We saw how squaring a complex number can be simplified using trig, and we saw the same thing is true for multiplying any two complex numbers. In this blog post we'll explore how trigonometric form for complex numbers can help us take roots (cube roots, fourth roots, etc).

Before we get into taking roots of numbers, I'd like to point out something that you might not have realized: there are an infinite number of ways to write a complex number in cis form, because cos and sin are periodic functions:

rcis(xº) = rcis(xº + 360º) = rcis(xº + 720º) = etc.

Okay, tuck that information away in your memory banks; we'll get back to it shortly. Now let's talk about taking a cube root.

Let's suppose we wanted to take the cube root of the number 8...

"Well, that's silly," you might argue, "I already know the cube root of 8. It's TWO!"

Ah...but you only *think* you know. Bear with me, and I'll show you something interesting.

How would you write 8 as a complex number? It's 8 + 0i. Which is the same as 8cis0º. Now we know from the previous post, that if rcisx cubed equals 8cis0º, then r^{3} = 8, and 3x = 0º. Or, since it's the same value, 3x = 360º, or 3x = 720º.

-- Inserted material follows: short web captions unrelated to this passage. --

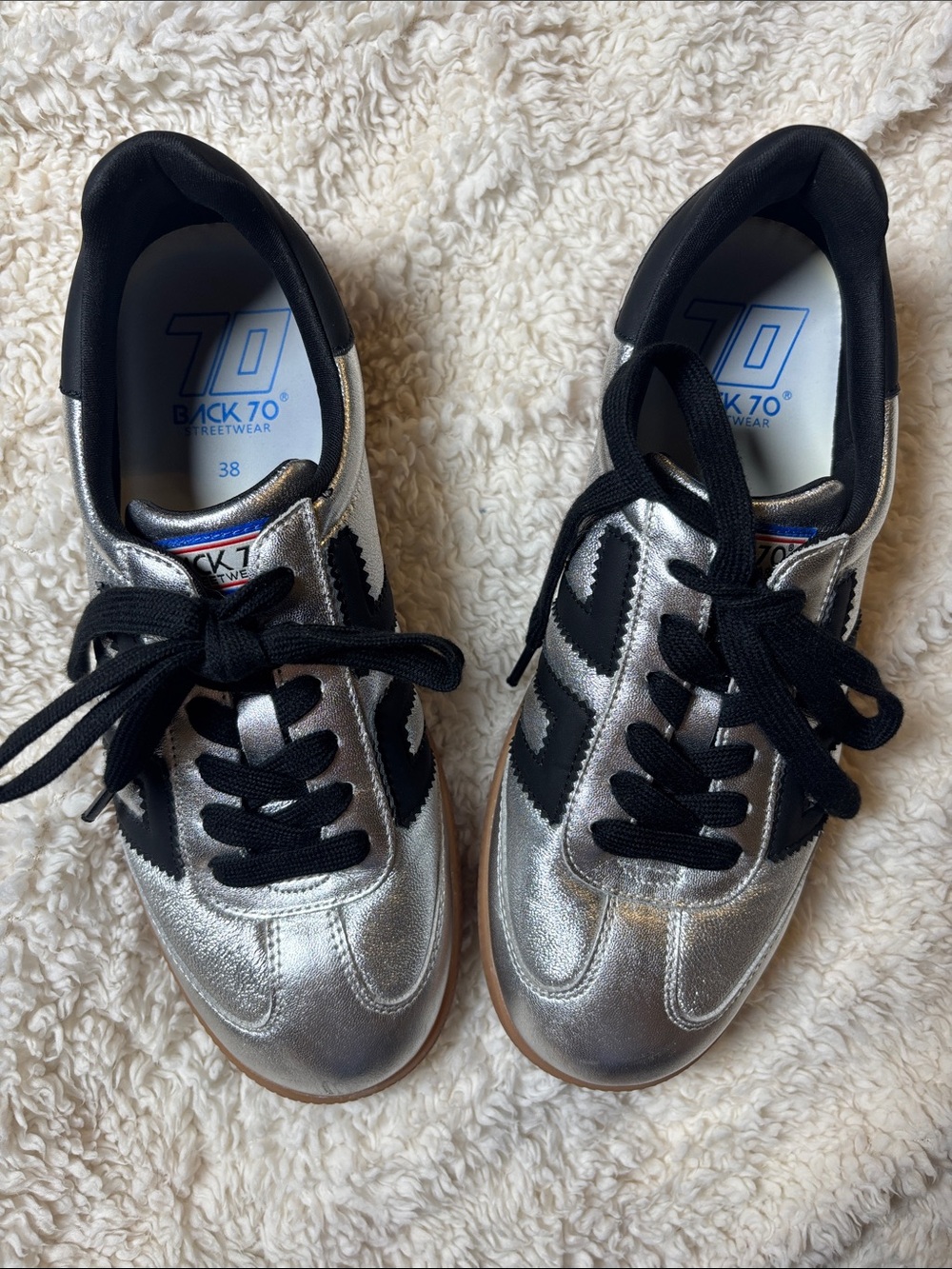 Back 70 Women's Silver & Black Retro-Style Sneakers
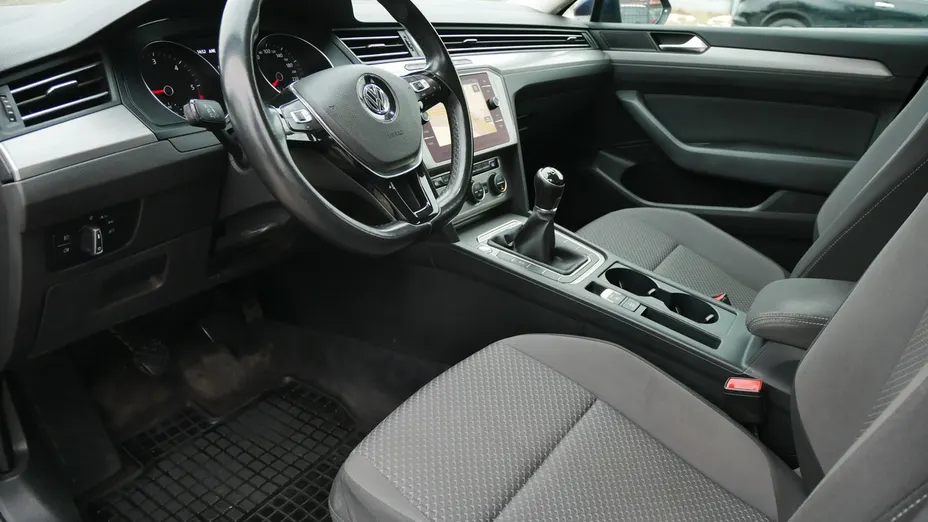 VOLKSWAGEN Passat -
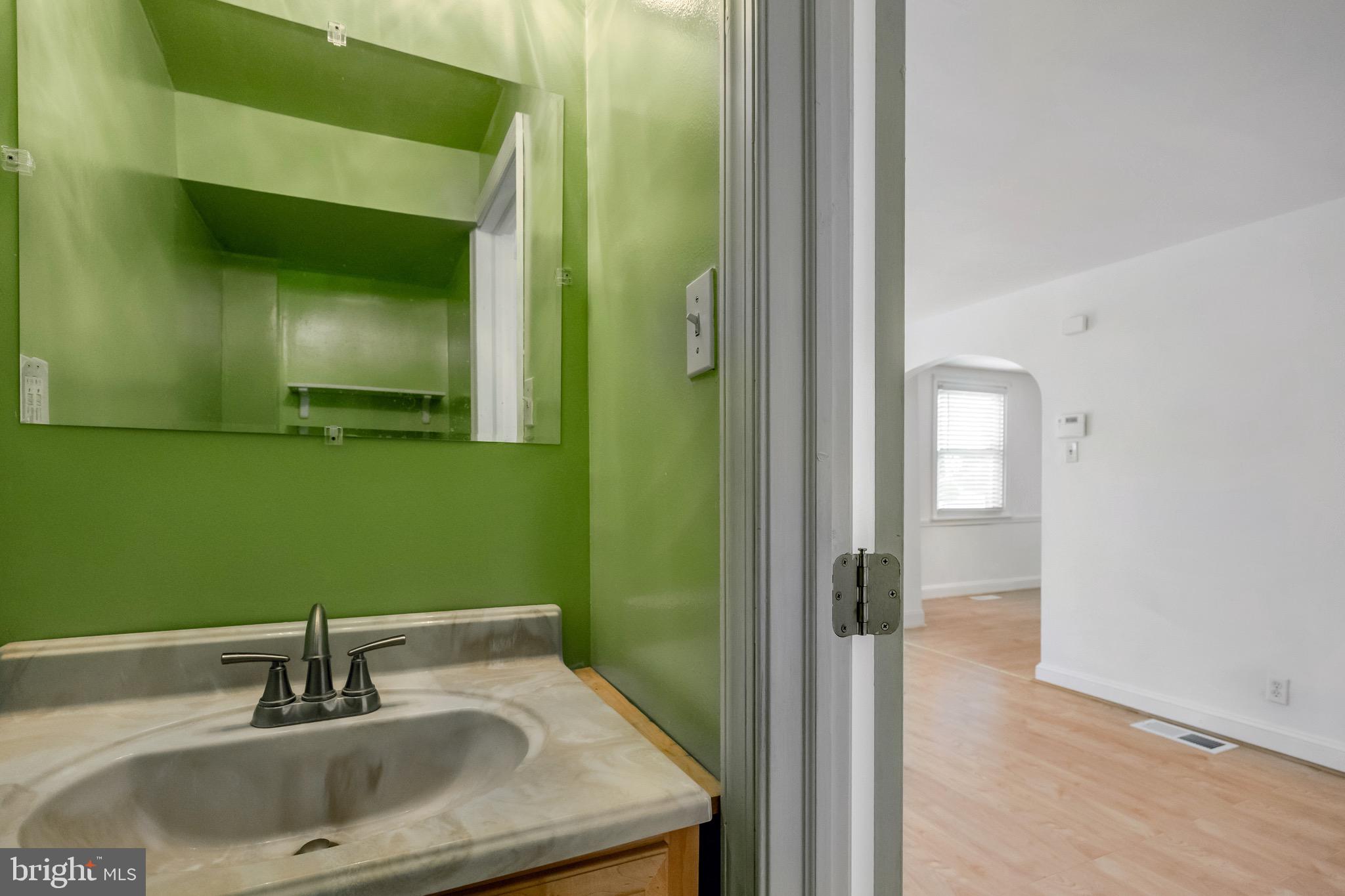 148 MEADOWBROOK AVENUE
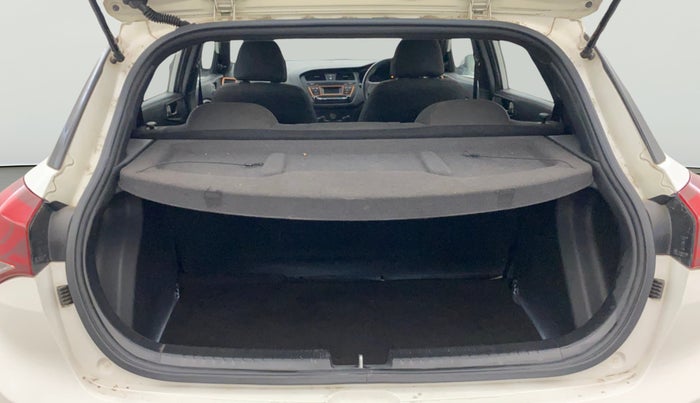 2017 Hyundai i20 Active 1.2 BASE, Petrol, Manual, 89,713 km, Boot Open Zoomed View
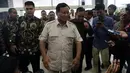 Ketua Umum Partai Gerindra Prabowo Subianto saat tiba di Kompleks Parlemen, Jakarta, Rabu, (16/5). Kedatangan Prabowo untuk membahas perkembangan politik terkini termasuk adanya serangkaian teror. (Liputan6.com/JohanTallo)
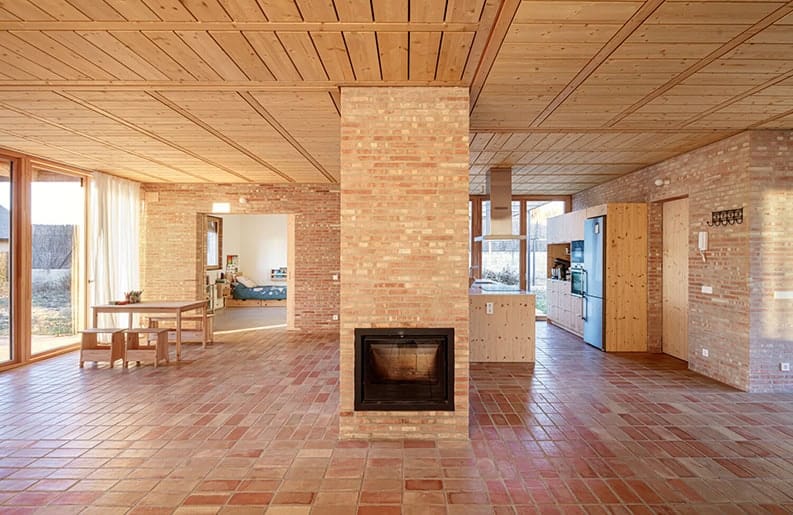 Casa LA by Alventosa Morell Arquitectes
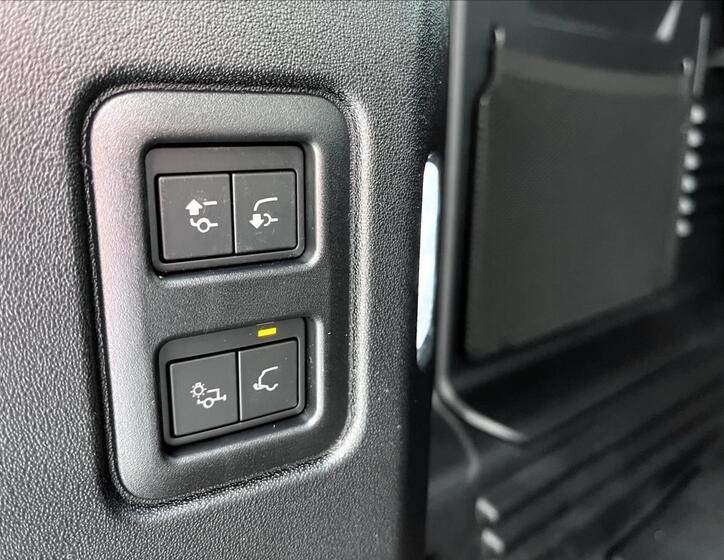 Land Rover Defender 7
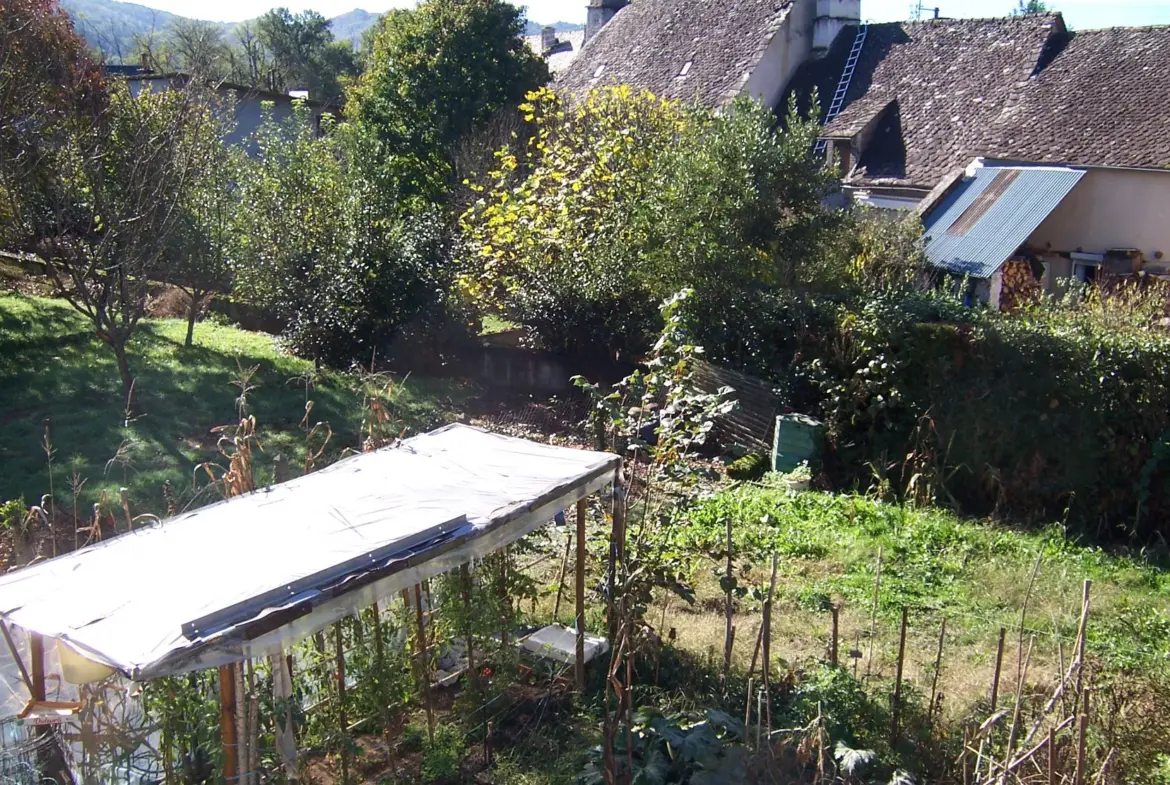 Maison Plain Pied à Argentat - 3 Chambres avec Jardin 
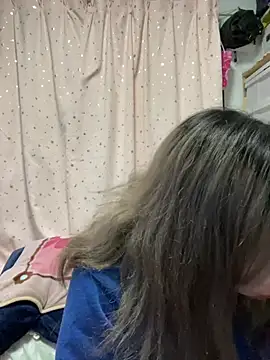 YUNA-yuna online show from 03/22/25, 04:47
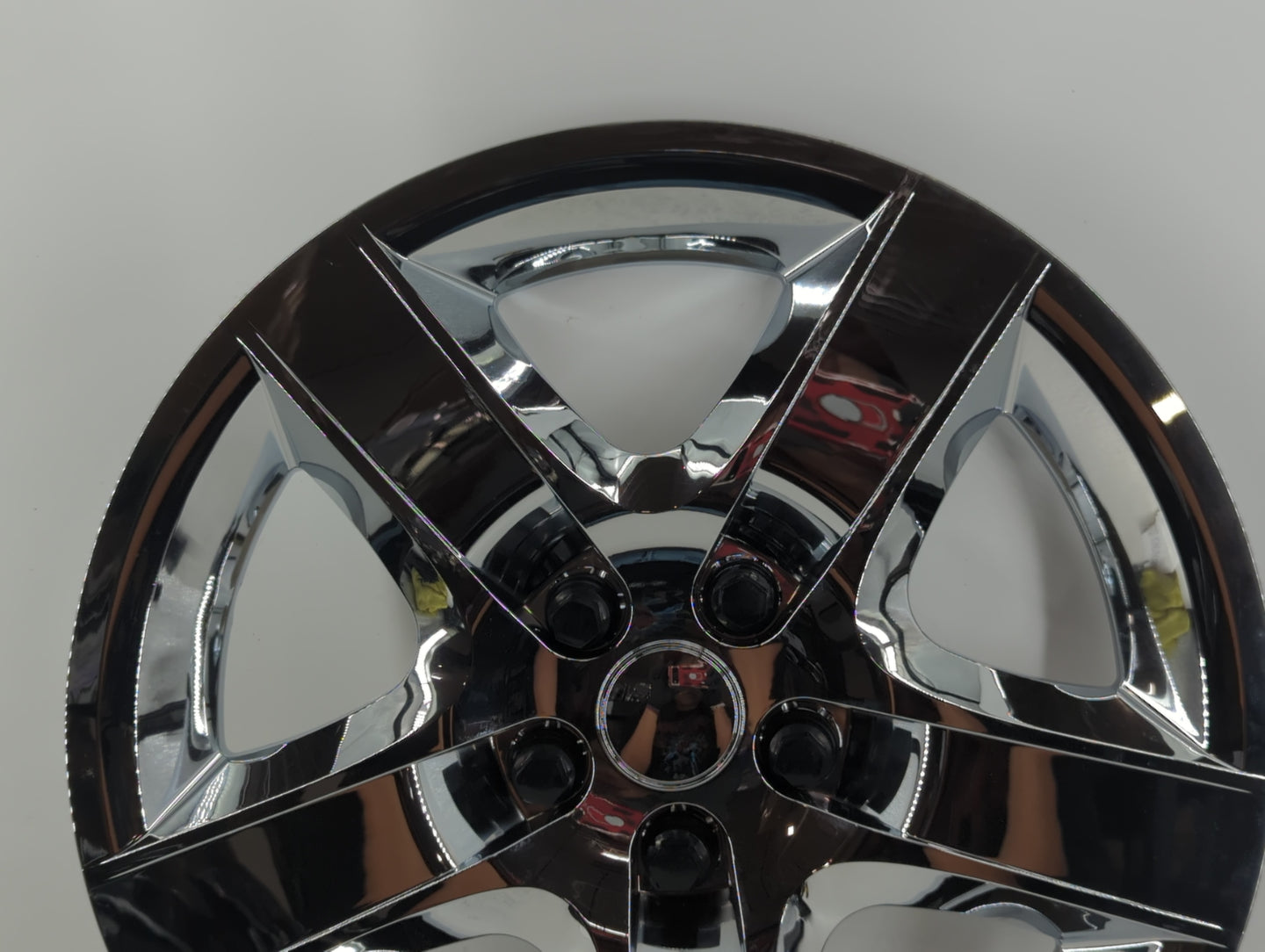 2013 Chevrolet Impala CENTER WHEEL COVER HUB CAP - Oemusedautoparts1.com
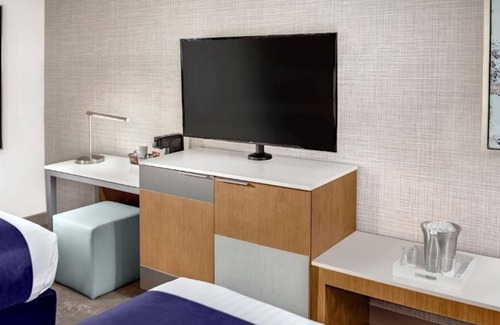 Gateway District House | Adventure Awaits! 3 Great Units On Strip, 2 Pools, Casino, FREE Parking!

Thus, x = 0º, x = 120º, or x = 240º.

Therefore, the cube roots of 8cis0º are 2cis0º, 2cis120º, and 2cis120º.

But what are those numbers?

Well, 2cis0º is easy; it's just 2 + 0i = 2. "Ah ha!" you might say, "I told you it was two!"

Very good, but let's keep going:

2cis120º = 2cos120º + 2isin120º = -1 + 1.732i

2cis240º = 2cos240º + 2isin240º = -1 - 1.732i

So it turns out that 8 has three cube roots, and you found them using trigonometry!

It turns out that you could have found those roots algebraically, by setting up the following equation:

x^{3} = 8

x^{3} - 8 = 0

(x - 2)(x^{2} + 2x + 4) = 0

So either x - 2 = 0 or x^{2} + 2x + 4 = 0

The first equation gives us the root we expected: x = 2.

The second equation can be solved using the quadratic formula:

x = (-2 +/- 3.4641i)/2, which simplifies to:

x = -1 + 1.732i or x = -1 - 1.732i

We obtain the same result algebraically as we did using trigonometry. You might argue that it was easier to use the algebraic method, but that's only because you know how to factor x^{3} - 8, and the factors are a linear factor and a quadratic. But suppose I'd asked you to find the fifth root of 32...what would you have done then? Or what if I'd asked you to find the cube root of 1 - 2i?

In these cases, algebraic solutions would be much more challenging, and the the trigonometry solution simplifies the process significantly.